PROBLEM DETAILS -
Give back an exact copy of the lines in the records below, from the line that has "Imagem de Athame" through the line that has "One Teaspoon Hypnotized", and nothing besides.

◆ ◆ ◆ ◆

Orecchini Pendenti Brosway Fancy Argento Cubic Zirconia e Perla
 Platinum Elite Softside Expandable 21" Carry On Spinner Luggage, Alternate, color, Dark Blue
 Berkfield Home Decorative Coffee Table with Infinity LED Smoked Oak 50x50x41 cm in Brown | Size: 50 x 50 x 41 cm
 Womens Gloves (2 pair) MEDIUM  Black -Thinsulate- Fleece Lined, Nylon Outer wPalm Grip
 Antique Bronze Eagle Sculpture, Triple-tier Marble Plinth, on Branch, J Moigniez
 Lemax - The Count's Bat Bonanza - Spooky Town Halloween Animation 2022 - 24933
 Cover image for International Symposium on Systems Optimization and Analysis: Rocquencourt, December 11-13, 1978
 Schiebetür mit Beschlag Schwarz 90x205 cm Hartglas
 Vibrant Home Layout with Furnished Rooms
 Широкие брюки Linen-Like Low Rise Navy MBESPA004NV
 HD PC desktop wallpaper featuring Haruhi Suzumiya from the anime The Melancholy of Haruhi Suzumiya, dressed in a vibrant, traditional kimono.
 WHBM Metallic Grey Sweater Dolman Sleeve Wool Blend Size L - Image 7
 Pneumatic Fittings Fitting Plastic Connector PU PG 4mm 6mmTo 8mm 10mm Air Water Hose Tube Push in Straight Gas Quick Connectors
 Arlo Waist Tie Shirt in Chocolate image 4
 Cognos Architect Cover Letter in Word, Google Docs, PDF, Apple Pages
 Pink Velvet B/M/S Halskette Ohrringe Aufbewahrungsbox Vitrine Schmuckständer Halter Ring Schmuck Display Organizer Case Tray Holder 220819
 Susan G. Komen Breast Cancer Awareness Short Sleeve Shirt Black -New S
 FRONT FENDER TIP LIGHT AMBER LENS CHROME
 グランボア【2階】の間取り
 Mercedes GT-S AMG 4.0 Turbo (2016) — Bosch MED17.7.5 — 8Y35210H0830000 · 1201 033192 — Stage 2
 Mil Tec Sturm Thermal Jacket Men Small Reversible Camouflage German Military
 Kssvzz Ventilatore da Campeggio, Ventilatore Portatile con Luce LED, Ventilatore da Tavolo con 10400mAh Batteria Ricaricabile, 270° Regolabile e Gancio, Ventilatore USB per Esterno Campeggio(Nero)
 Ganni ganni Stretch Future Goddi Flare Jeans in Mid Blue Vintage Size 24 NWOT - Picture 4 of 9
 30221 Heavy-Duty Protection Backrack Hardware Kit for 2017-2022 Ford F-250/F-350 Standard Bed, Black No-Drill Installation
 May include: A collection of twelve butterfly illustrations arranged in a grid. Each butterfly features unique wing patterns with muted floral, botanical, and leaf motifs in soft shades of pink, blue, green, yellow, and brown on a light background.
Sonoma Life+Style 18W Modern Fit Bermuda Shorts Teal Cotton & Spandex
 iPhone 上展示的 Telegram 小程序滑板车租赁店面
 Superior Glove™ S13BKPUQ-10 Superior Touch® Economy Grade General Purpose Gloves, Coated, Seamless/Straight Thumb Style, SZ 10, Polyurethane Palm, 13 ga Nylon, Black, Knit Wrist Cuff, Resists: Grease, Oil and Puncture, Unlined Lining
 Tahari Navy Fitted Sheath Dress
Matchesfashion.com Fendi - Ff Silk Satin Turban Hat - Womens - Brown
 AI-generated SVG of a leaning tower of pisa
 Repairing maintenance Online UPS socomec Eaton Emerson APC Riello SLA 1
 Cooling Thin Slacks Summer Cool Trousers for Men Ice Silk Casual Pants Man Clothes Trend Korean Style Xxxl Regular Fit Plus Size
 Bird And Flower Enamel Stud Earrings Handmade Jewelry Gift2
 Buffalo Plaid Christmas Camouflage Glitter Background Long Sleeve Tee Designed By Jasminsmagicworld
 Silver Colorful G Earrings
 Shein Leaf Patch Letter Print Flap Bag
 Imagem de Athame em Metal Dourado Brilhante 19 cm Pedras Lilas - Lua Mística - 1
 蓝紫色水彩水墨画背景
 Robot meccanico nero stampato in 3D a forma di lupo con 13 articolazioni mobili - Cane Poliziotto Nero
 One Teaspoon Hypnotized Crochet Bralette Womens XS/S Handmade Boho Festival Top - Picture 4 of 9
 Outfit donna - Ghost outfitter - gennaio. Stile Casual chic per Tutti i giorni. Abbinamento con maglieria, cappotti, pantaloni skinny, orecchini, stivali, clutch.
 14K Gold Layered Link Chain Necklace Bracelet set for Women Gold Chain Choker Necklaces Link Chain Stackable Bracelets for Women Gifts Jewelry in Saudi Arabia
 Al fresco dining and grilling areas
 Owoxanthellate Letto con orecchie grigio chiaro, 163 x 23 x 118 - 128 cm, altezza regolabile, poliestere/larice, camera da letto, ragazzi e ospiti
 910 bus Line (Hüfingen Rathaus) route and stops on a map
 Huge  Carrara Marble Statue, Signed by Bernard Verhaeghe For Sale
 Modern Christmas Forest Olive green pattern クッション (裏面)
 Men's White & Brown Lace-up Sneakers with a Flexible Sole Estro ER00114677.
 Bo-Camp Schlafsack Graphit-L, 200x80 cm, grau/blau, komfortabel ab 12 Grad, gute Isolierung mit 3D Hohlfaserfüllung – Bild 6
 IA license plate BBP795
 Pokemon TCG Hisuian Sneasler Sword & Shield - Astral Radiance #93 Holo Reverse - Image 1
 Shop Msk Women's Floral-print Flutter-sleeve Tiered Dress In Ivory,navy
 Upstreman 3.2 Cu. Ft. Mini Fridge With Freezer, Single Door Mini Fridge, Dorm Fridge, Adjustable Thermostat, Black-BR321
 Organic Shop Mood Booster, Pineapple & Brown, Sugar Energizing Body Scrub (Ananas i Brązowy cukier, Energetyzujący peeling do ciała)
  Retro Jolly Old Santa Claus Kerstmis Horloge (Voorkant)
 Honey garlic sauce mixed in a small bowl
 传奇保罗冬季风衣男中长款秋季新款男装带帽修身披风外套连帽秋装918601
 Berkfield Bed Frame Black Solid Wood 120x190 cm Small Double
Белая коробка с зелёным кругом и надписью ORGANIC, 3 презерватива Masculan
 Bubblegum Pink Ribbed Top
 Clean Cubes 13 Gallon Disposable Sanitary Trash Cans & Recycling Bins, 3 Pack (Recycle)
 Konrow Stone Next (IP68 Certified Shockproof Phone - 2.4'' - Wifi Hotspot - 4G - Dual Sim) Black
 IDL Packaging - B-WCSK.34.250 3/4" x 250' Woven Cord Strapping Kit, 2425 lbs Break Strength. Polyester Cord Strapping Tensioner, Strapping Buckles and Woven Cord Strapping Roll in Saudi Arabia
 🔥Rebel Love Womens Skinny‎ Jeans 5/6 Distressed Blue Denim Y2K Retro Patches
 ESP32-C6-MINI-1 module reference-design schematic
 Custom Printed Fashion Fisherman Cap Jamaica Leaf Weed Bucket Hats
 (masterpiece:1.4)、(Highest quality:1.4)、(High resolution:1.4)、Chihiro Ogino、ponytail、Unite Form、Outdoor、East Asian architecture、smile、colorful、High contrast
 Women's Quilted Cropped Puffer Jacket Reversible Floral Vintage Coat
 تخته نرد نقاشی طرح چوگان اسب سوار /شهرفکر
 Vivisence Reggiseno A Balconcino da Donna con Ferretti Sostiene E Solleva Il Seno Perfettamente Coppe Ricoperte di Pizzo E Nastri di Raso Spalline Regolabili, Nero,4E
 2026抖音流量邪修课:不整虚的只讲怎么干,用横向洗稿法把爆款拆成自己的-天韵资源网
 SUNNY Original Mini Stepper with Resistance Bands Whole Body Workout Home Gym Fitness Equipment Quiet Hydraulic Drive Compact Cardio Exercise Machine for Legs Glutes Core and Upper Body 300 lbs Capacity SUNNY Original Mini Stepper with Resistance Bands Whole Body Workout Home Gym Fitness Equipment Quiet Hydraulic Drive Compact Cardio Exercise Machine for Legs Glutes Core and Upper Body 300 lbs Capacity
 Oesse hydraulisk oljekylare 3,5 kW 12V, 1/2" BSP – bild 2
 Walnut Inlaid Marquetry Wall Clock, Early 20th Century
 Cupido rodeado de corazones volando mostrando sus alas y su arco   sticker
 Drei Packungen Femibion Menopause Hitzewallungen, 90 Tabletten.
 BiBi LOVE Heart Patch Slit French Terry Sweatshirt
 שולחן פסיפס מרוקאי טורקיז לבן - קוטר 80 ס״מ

◆ ◆ ◆ ◆

PROBLEM SOLUTION -
 Imagem de Athame em Metal Dourado Brilhante 19 cm Pedras Lilas - Lua Mística - 1
 蓝紫色水彩水墨画背景
 Robot meccanico nero stampato in 3D a forma di lupo con 13 articolazioni mobili - Cane Poliziotto Nero
 One Teaspoon Hypnotized Crochet Bralette Womens XS/S Handmade Boho Festival Top - Picture 4 of 9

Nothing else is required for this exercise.